## PROVIDED MATERIAL
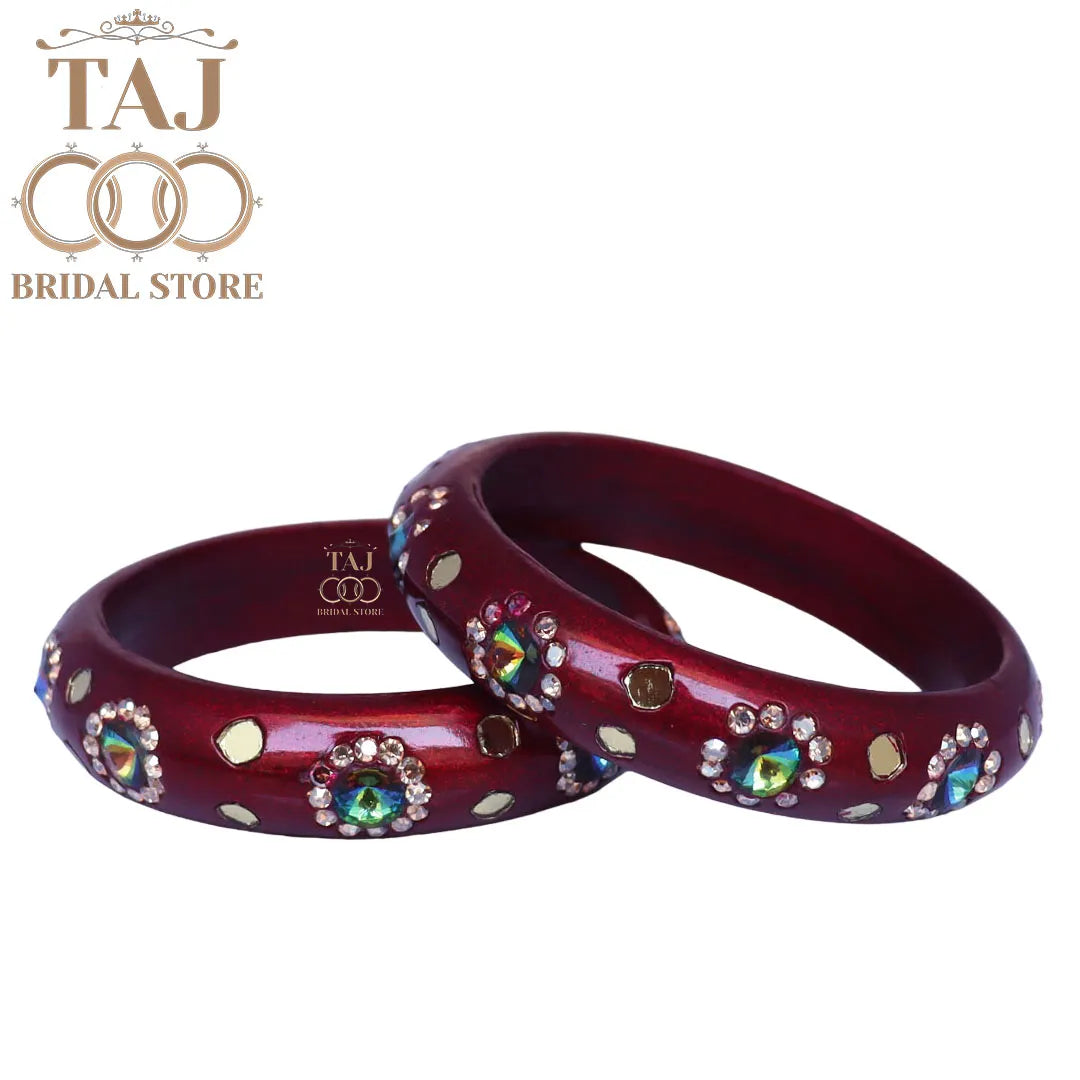 Lac Kada With Beautiful Rhinestone Design (Pack of 2)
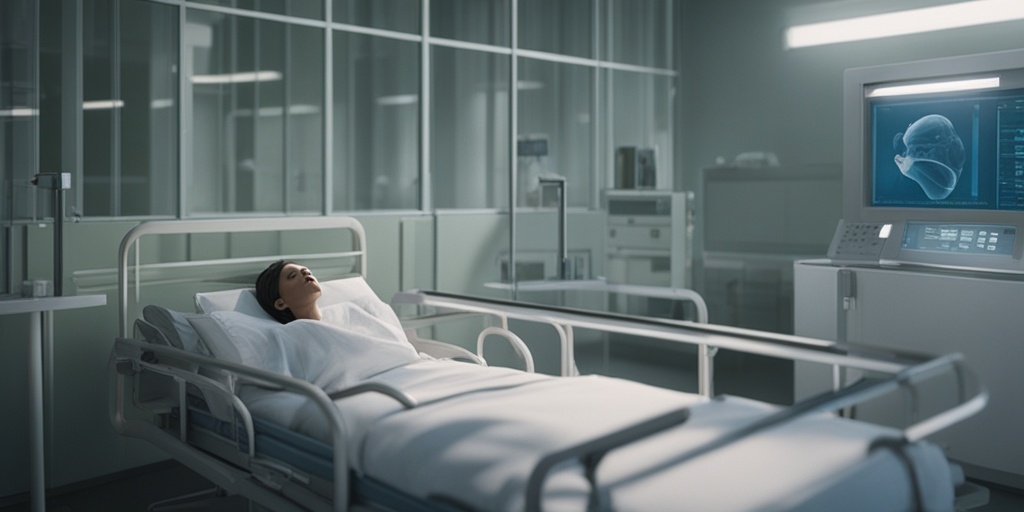 Hospitalized person experiences Bird Flu symptoms, surrounded by medical equipment and concerned healthcare worker.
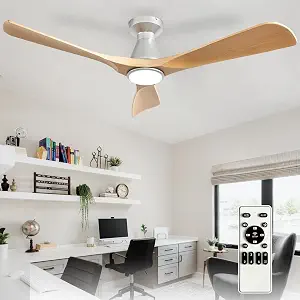 Depuley 52-Inch Ceiling Fan with Lights, Remote Control, Dimmable LED, Indoor/Outdoor, Reversible Quiet DC Motor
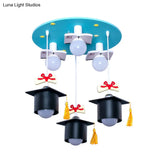 Kid’s Blue Square Cap Resin Ceiling Light With 3 Flush Lights For Bedroom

## ACTION ITEM
In the copy, no pictures are to appear; write out exactly the lines from the one containing "Hospitalized person experiences" through the end of the listing above and no further lines.

## SOLUTION TO THIS EXERCISE
 Hospitalized person experiences Bird Flu symptoms, surrounded by medical equipment and concerned healthcare worker.
 Depuley 52-Inch Ceiling Fan with Lights, Remote Control, Dimmable LED, Indoor/Outdoor, Reversible Quiet DC Motor
 Kid’s Blue Square Cap Resin Ceiling Light With 3 Flush Lights For Bedroom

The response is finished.